▶ **Goal of the exercise**: Repeat exactly, and only, the lines from the line bearing "Ernie Ball P09203" through the end of the material. Do not copy the pictures.

▶ **The data**:
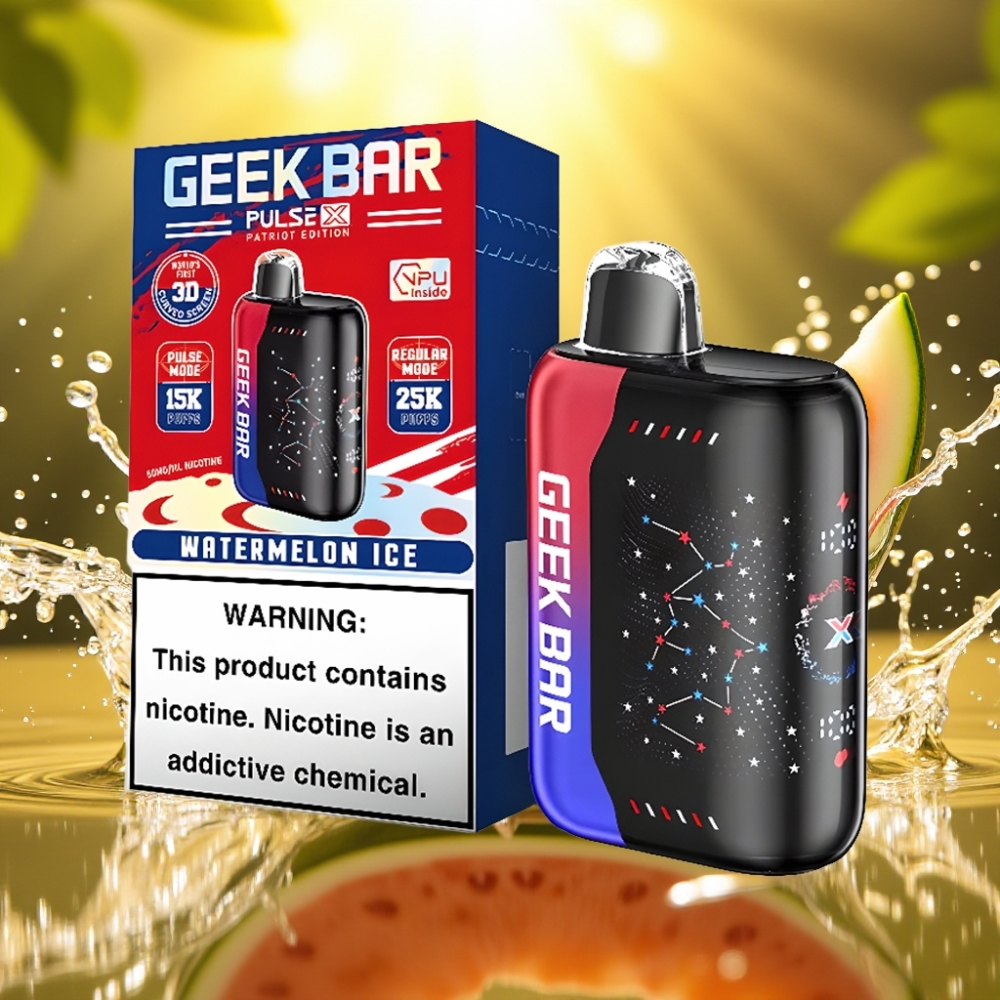 Geek Bar Pulse X 25000 Puffs 18mL 0-5% Nicotine Dual Mesh Coil Edição Patriota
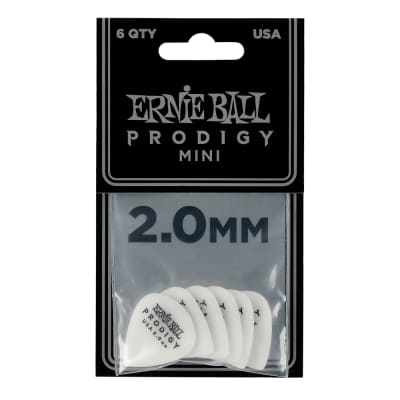 Ernie Ball P09203 2.0mm White Mini Prodigy Picks 6-Pack image 2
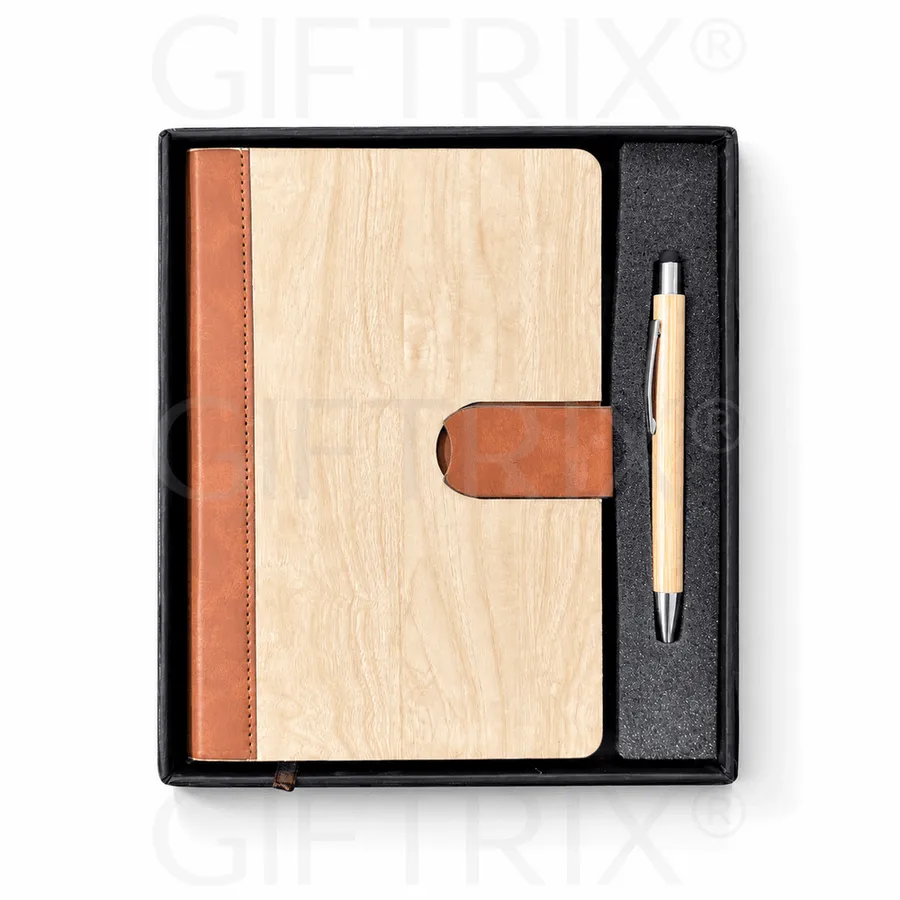 Maple Wood Diary, Tan Spine, Wood Pen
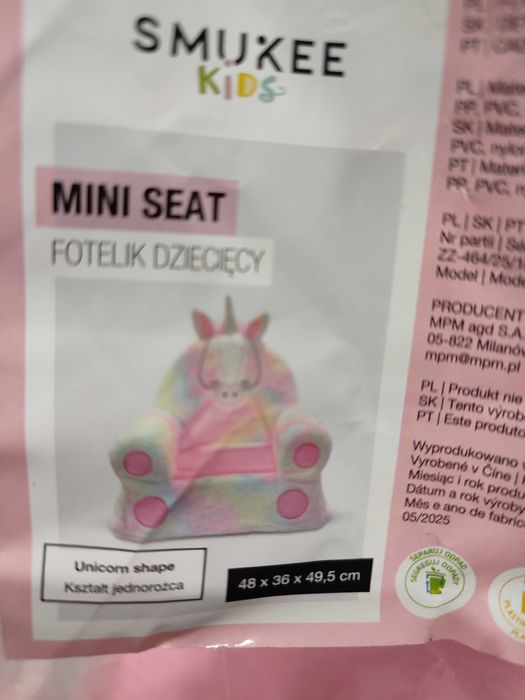 Fotelik dziecięcy jednorozec smukee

▶ **Written answer**:
 Ernie Ball P09203 2.0mm White Mini Prodigy Picks 6-Pack image 2
 Maple Wood Diary, Tan Spine, Wood Pen
 Fotelik dziecięcy jednorozec smukee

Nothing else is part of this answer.